A device for testing materials for combustibility, including a support stand, a holder for a thermal radiation source, a thermal radiation source, a sample holder and a strain gauge sensor connected to a personal computer, characterized in that the thermal radiation source is made in the form of a flat ceramic heat radiator installed inside a hemispherical protective casing, and is fixed with a holder on a support stand with the ability to move vertically and in a horizontal plane, and the strain gauge is made in the form of an electronic balance designed to measure mass from 10-3 g, with a weighing resolution of 0.001 g.

Description

The utility model relates to the field of fire and explosion safety, specifically to devices intended for the study of combustible materials, in particular, for routine research in laboratory conditions. The proposed device is intended for testing the combustibility / self-ignition of polymers and compositions based on them, as well as other solid, bulk, fibrous or foamed materials.

Known installation for testing building materials for flammability [GOST 30402-96 Building materials. Flammability test method], containing a support frame, a radiation panel, consisting of a casing with a heat insulating layer and a heating element, an ignition system (ignition burner), and also auxiliary equipment (sample holder, shielding plate to protect the surface of the sample from heat flux, system air-gas flow rate regulation, temperature control of the heating element, time recorder). An adjustable radiant heat flux with a density of 5 to 50 kW / m ² acts on the upper plane of the sample of the test material and, at regular intervals, the center of the sample is exposed to a moving plume until the gaseous products released from the sample ignite. The use of forced ignition of the sample, firstly, does not allow to evaluate the induction period of its spontaneous combustion and, secondly, complicates the installation, since it requires the use of additional gas cylinder equipment to power the ignition burner.

A device for testing combustibility materials is known — a conical calorimeter (con-calorimeter), manufactured by Fire Testing Technology Limited (Great Britain) —a bench device designed to test combustibility materials [ISO 5660-1 / Cone Calorimeter Method /]. The calorimeter is the main instrument used to evaluate the fire resistance of materials in accordance with current standards.
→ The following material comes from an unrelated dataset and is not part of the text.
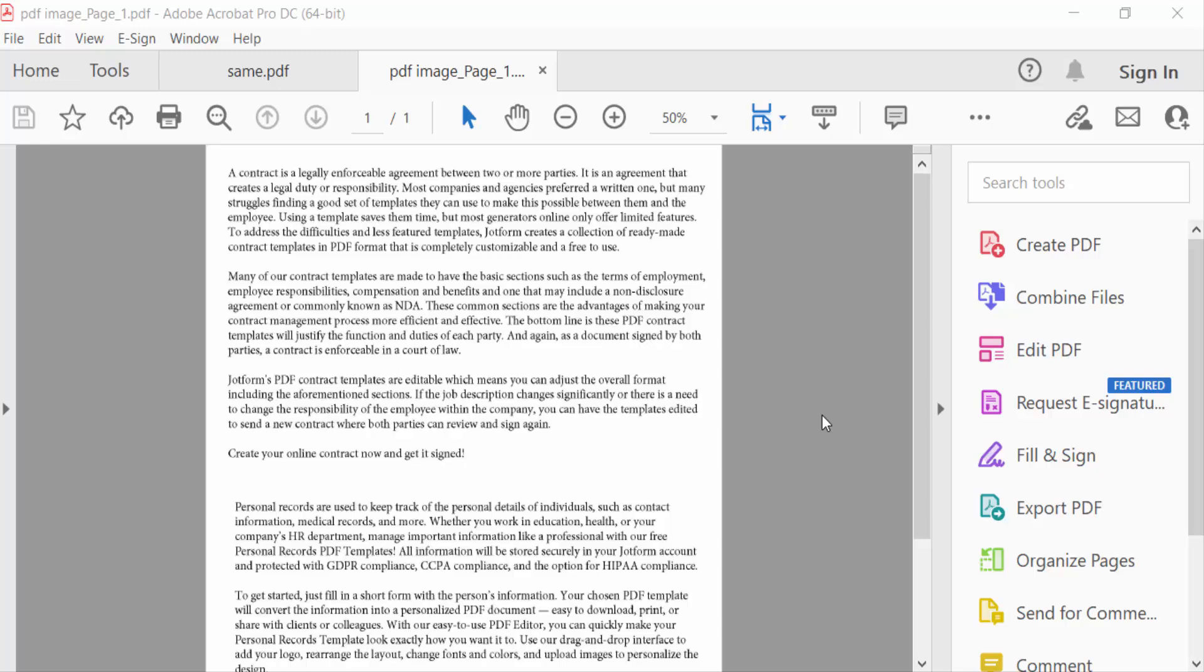Hello everyone, in this tutorial today I present you how to switch to dark mode in Adobe Acrobat Pro DC and Adobe Reader. This is a quick tutorial so let's get started.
It contains a heating element (3 kW, 230 V) with a truncated cone-shaped winding, providing a heat flux of up to 100 kW / m ² , a sample holder, a device for ignition of a sample, a weight strain gauge load detector, and also additional equipment - an exhaust hood, a smoke sampler and a gas sampling device, a smoke filter, a pump, an exhaust gas temperature and pressure meter, a laser optical device, a specific heat flux sensor. For testing materials using a calorimeter, samples of at least 100 × 100 × 50 mm in size are used. The large size of the samples requires the use of forced ignition, which does not allow to determine the time of self-ignition of the sample. When bulk samples are burned, intense smoke and gas emission occurs, which requires the use of a special exhaust system that significantly complicates the design of the device, increasing its size and cost. Also, the disadvantages of the device include the fact that the working element of the conical heater - the incandescent spiral is exposed to products formed during the combustion of the test sample, which reduces its service life.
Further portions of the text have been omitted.